Car une nouvelle fois, la représentation nationale aura donné en spectacle sa passion de la querelle, abordant tour à tour suppression des peines plancher, contrainte pénale et libération sous contrainte, comme autant d’occasions de cultiver son goût de la polémique stérile. Ainsi, les seules questions qui vaillent auront été étouffées par les clivages entre ceux qui veulent remplir les prisons et ceux qui veulent les vider.
Prétendre que la prison est la seule solution, n’est-ce pas ignorer qu’elle n’a de sens que parce qu’il s’agit de l’extrémité de la chaîne pénale? Que l’emprisonnement vient sanctionner un coupable, mais témoigne également de l’échec de nos politiques de prévention? N’est-ce pas aussi fermer les yeux sur des dysfonctionnements majeurs de l’institution judiciaire dans son ensemble, en oubliant que rien ne sert de durcir les sanctions et de remplir les prisons lorsque les peines ne sont pas appliquées et les places de prison insuffisantes? N’est ce pas, enfin, omettre, qu’une politique d’aide aux victimes, que le respect des droits de la victime, ne pourront jamais se résumer à sanctionner un coupable?
De même, à ceux qui érigent en principe absolu qu’il faut vider les prisons, nous demandons quel sens ils veulent donner à la peine pénale, quelle réponse ils entendent apporter à la douleur d’une victime et comment ils entendent lutter contre la récidive?
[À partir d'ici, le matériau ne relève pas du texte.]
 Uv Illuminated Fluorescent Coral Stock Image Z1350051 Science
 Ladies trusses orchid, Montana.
Et que veut dire réhabilitation quand rien n’est plus possible pour ceux qui ont été happés par la machine judiciaire, broyés par les prisons devenues, pour certaines d’entre elles, des lieux tant de criminalité que d’oubli social.
La Justice est une affaire d’hommes. C’est pour cela qu’elle ne pourra jamais être parfaite. Et c’est d’ailleurs aussi pour cette raison qu’elle est si précieuse. Elle doit être pensée hors du tumulte de l’actualité, des alternances et des affrontements politiques, comme un impératif humain et démocratique.
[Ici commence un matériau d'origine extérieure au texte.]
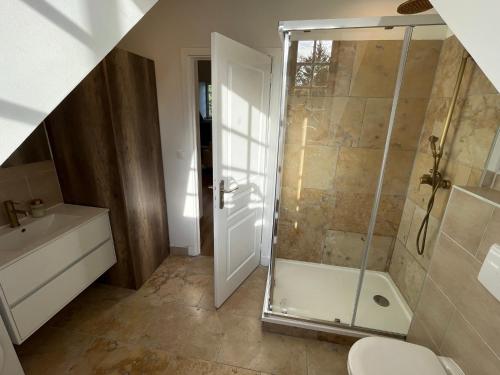 a bathroom with a shower and a toilet and a sink at La Grand Maison in Orléans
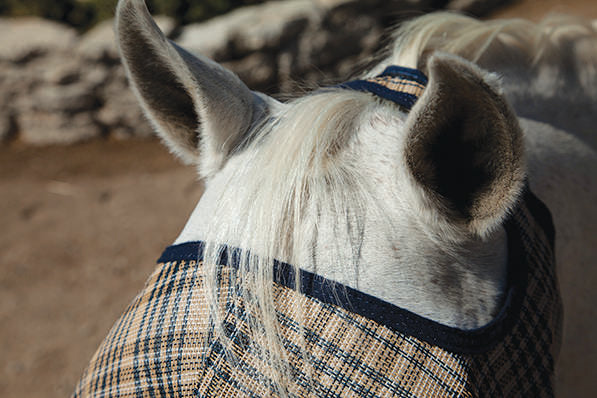 Kensington Fly Mask with Fleece Trim - Open Ear Design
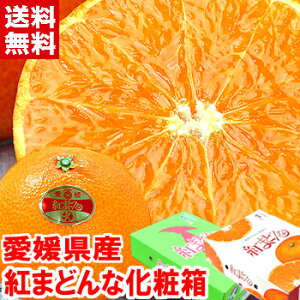 QY g܂ǂ 2.7kgiϔj݂񉤍uQv̋MwlIΕ Mtg g܂ǂ kCAAꕔ͕ʓr1,000~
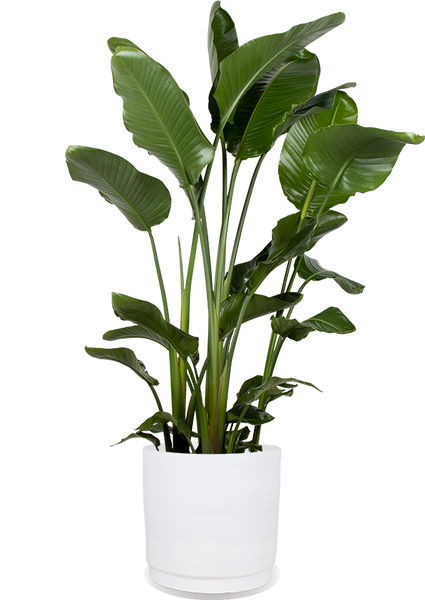 Strelitzia nicolai (Paradiesvogelblume) XL | Plantsome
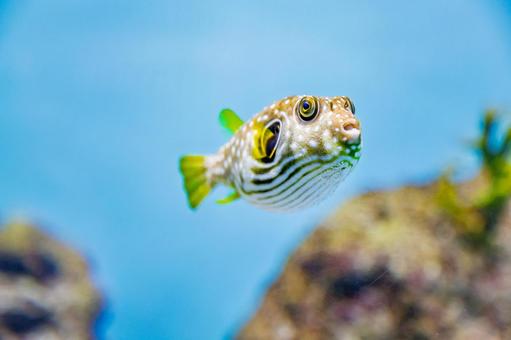 サザナミフグ サザナミフグ,魚,観賞魚の写真素材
La garde des Sceaux a annoncé il y a près d’un an un vaste chantier pour réformer en profondeur l'institution judiciaire et ses modes de fonctionnement. Christiane Taubira ne nous promettait pas moins qu’une "justice du 21ème siècle". Nous avons, nous, l’intime conviction que ce n’est pas à coup de loi de circonstances, d’améliorations marginales et de réformes de procédure que nous y parviendrons.
L’urgence de penser et repenser la justice ensemble, est ainsi obérée, jusqu’à en oublier que ce qui est en jeu, c’est la capacité même de cette vieille institution à s’acquitter de son premier devoir envers le peuple, celui de le protéger. Nous refusons pour notre part de passer sous silence ce débat essentiel. Dès lors, nous devons nous interroger en conscience sur l’ensemble de l’organisation de la chaîne de compétences de l’institution judiciaire d’une part et du sens même que nous entendons donner au mot justice d’autre part.
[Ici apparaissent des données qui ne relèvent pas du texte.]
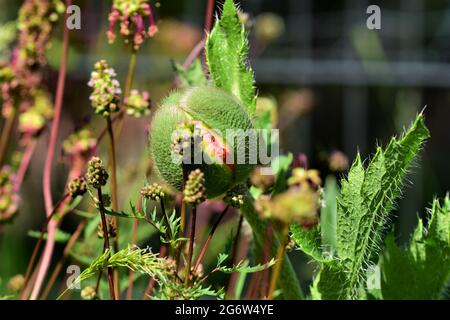 Grüne Mohnknospe beginnt sich in einem Blumenbeet zu öffnen Stockfoto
La véritable question est donc de savoir comment on réforme l’un des plus anciens services publics de l’Etat régalien. Un service public qui s’éloigne de plus en plus du citoyen et de la victime, qui suscite aujourd’hui une méfiance, voire une défiance, nourrie par la complexité et la lenteur de la machine judiciaire.
L’enjeu consiste maintenant à repenser, tant en amont qu’en aval, à l’extérieur comme à l’intérieur du Palais de Justice, l’ensemble de la chaîne. C’est pourquoi nous croyons qu’il est devenu urgent que tous les acteurs et intervenants du monde judiciaire se mettent autour de la table pour un "Vendôme de la Justice". A nous de réformer enfin profondément cette institution qui reste la colonne vertébrale de notre démocratie, en gardant toujours à l’esprit que la Justice est avant tout le droit du plus faible.